It examines how the dynamic and overlapping relationships between categorical markers of social difference and their associated normativities entangle themselves with broader social structures and in this way create, consolidate, strengthen, perpetuate or undermine social dependencies of collectives and individuals throughout history. Research Area E seizes the opportunity for repositioning that an intersectional perspective presents, in order to inscribe it within the theoretical framework of the BCDSS. This means examining both the disadvantaging and the privileging effects involved in all dimensions of social asymmetry, while taking a consciously critical standpoint in relation to, among others, sexism, classism, racialization, ageism, ableism, or heteronormativity, in order to elaborate on the long and arbitrary legacy of exclusions and on the potential of (so-called) marginalized social groups for social change. For Research Area E it is not only essential to integrate marginalized perspectives but also to demonstrate the necessity of understanding relations of power and asymmetry as constituted and co-constitutive factors in all forms of (strong) social dependency.
We invite applications from researchers with a theoretical and/or experiential background who approach the different social positioning of individuals and groups through reflecting on the ways in which such actors (historically) participate in the reproduction of asymmetrical relations of dependency and/or social exclusion. We welcome a range of individual as well as comparative perspectives, including that of the household, the community, the nation and/or the global. We are interested in project proposals which take into account and reflect upon intersectional aspects from theories and methodologies such as, but not exclusive to, the genealogical approach; social justice and anti-discrimination; critical race theory; structural and post-structuralist intersectionality; gender history and feminism.

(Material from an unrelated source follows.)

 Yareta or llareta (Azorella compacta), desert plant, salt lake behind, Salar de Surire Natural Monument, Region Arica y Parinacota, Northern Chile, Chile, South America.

The Heinz Heinen Kolleg is part of the Bonn Center for Dependency and Slavery Studies (BCDSS) that hosts the Cluster of Excellence "Beyond Slavery and Freedom. Asymmetric Dependencies in Pre-modern Societies" funded by the German Excellence Strategy. The BCDSS approaches asymmetrical dependencies from antiquity to the present and across many regions in five different Research Areas. These form five different thematic and methodological angles. Each of these Research Areas draws on specific conceptual debates and approaches of the humanities and puts them to the test in order to arrive at a new social history of asymmetrical dependencies.